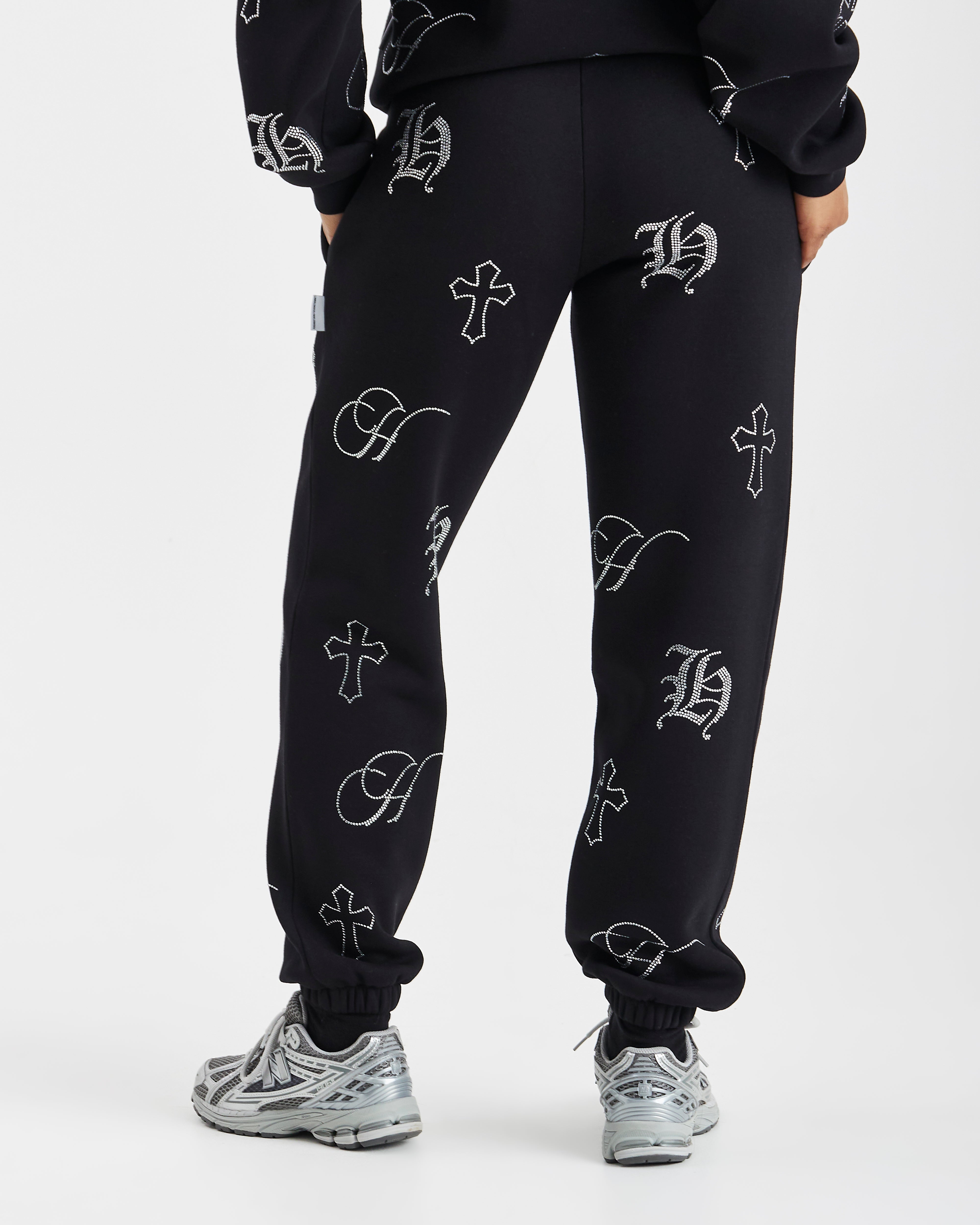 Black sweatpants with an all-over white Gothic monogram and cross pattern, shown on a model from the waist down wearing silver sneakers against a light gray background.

-- -- --

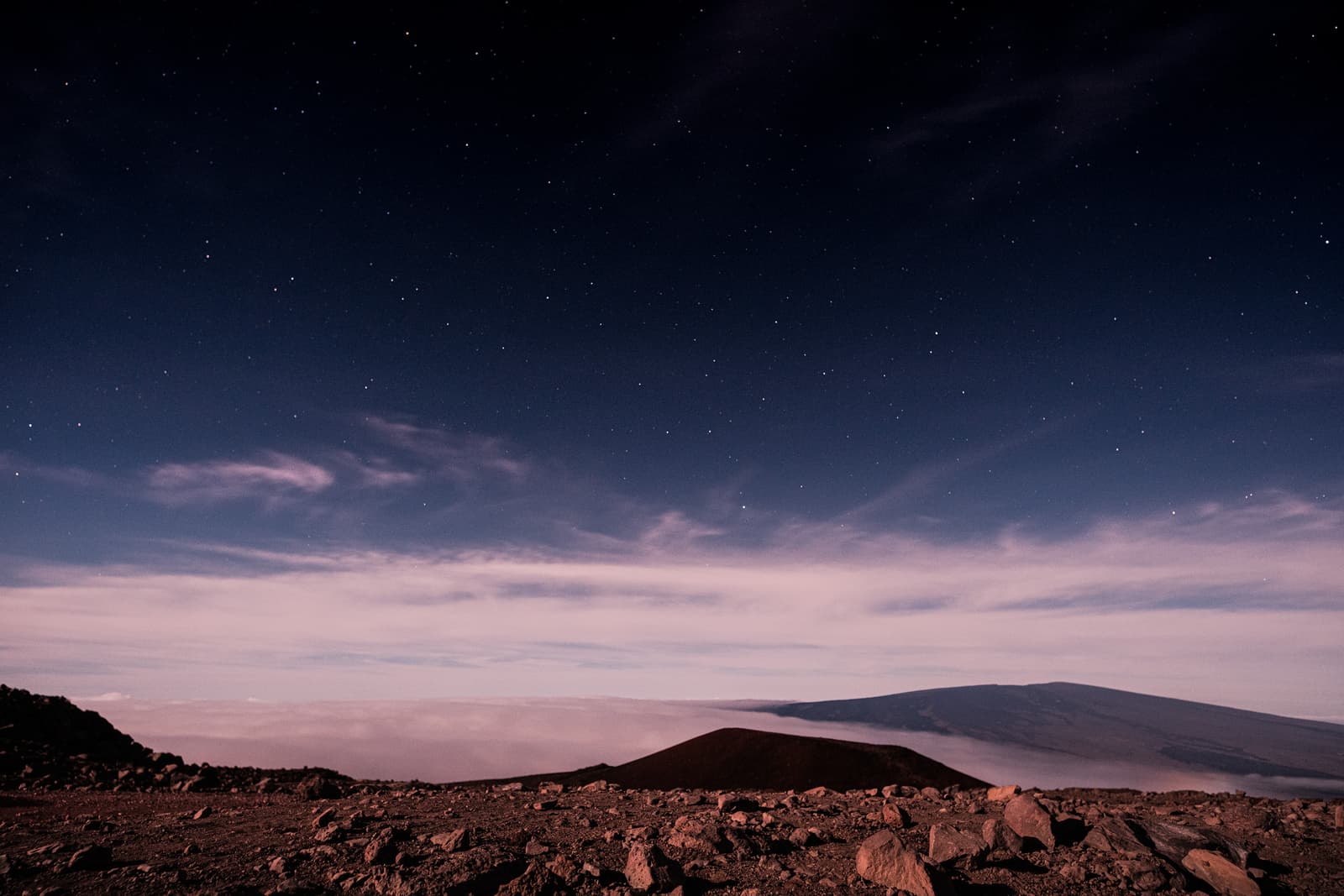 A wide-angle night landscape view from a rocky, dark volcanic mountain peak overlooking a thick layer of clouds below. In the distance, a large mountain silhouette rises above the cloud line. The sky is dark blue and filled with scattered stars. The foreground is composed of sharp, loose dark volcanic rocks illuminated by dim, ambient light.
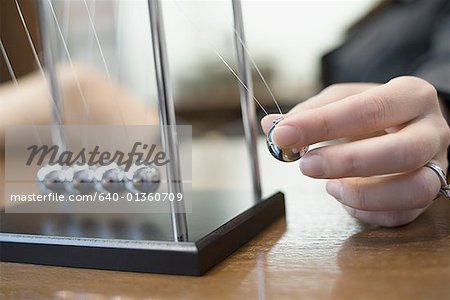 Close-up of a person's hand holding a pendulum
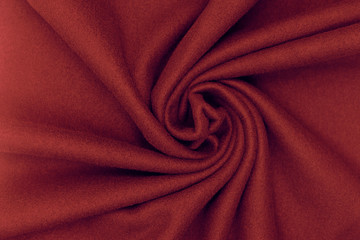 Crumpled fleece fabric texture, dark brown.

-- -- --

EXERCISE DESCRIPTION: Once the line with "Close-up of a" is found above, transcribe each line from it through the line with "Crumpled fleece fabric texture, dark brown.", exactly, and omit the pictures.

TASK ANSWER:
 Close-up of a person's hand holding a pendulum
 Crumpled fleece fabric texture, dark brown.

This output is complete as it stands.